KRPS’s statement regarding Congressional passage of H.R. 4 The Rescissions Act of 2025
Last week's decision by Congress to rescind or claw back 1.1 billion dollars of previously approved funding for public media was unprecedented. It was the first time in 30 years that Congress had approved a rescission of funds, and never for public media, despite numerous threats by Republican administrations. Even before the decision last week, KRPS was already on a list of vulnerable public media stations according to a recently released report.
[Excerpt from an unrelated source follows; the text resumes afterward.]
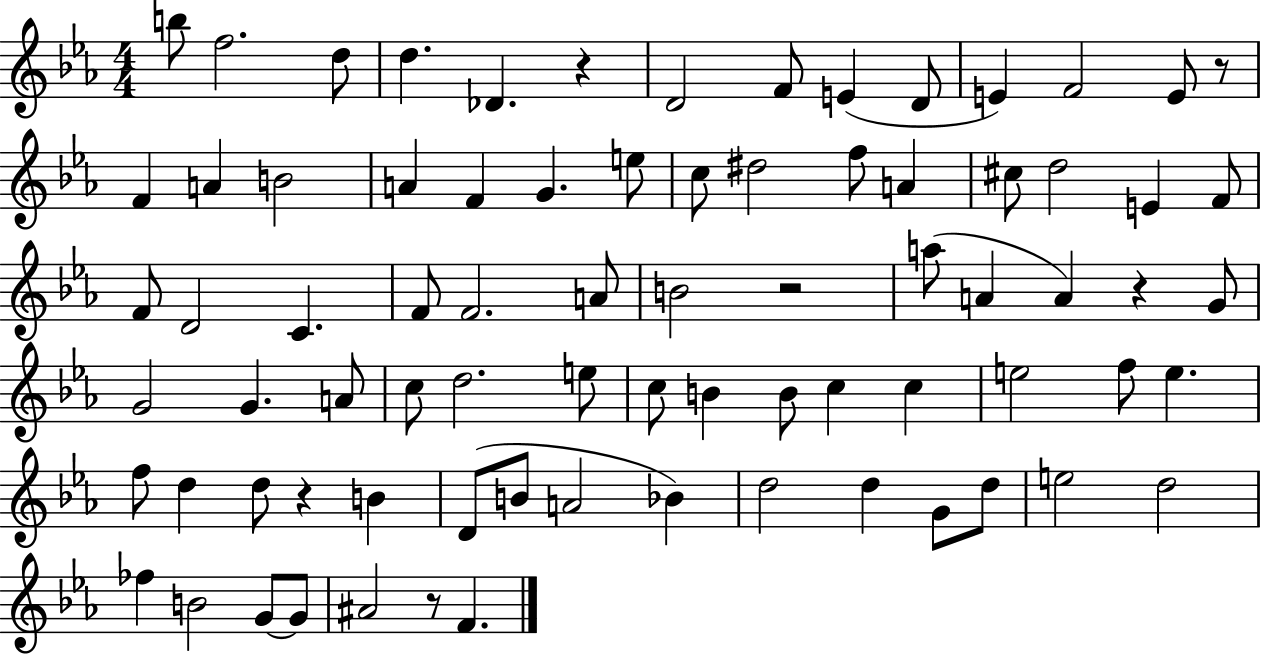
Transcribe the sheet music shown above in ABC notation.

Congressional Republicans made it clear in their testimony, whether it be in the Senate Appropriations subcommittee, chaired by Senator Susan Collins of Maine. Or during DOGE subcommittee testimony in March, where Congressperson Marjorie Taylor Green (R) said, “NPR and PBS have increasingly become radical, Left-wing echo chambers for a narrow audience of mostly wealthy, white, urban liberals and progressives, who generally look down on and judge rural America.”
NPR, not member stations, were always the target. However, the rescission cuts that all four of the Senators from Kansas and Missouri (Marshall, Moran, Schmidt &Hawley) voted in favor of will have minimal impact on NPR. The cuts are directly targeted at local public radio stations, whether they are affiliated with NPR or not.
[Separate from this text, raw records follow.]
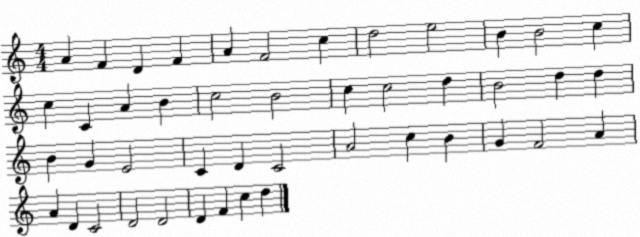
X:1
T:Untitled
M:4/4
L:1/4
K:C
A F D F A F2 c d2 e2 B B2 c c C A B c2 B2 c c2 d B2 d d B G E2 C D C2 A2 c B G F2 A A D C2 D2 D2 D F c d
Ahead of the rescission vote, KRPS made several programming changes so that we could prepare for what’s ahead of us and lessen the financial burden on our licensee, Pittsburg State University. There is a possibility for further programming changes.
For now, KRPS will continue to sound like you’ve come to expect it to with shows like Morning Edition & All Things Considered, Wait, Wait, Don’t Tell Me, This American Life, and Travel with Rick Steves. However, listener support and engagement are needed now more than ever.
On behalf of the KPRS staff, thank you for your support, both now and into the future.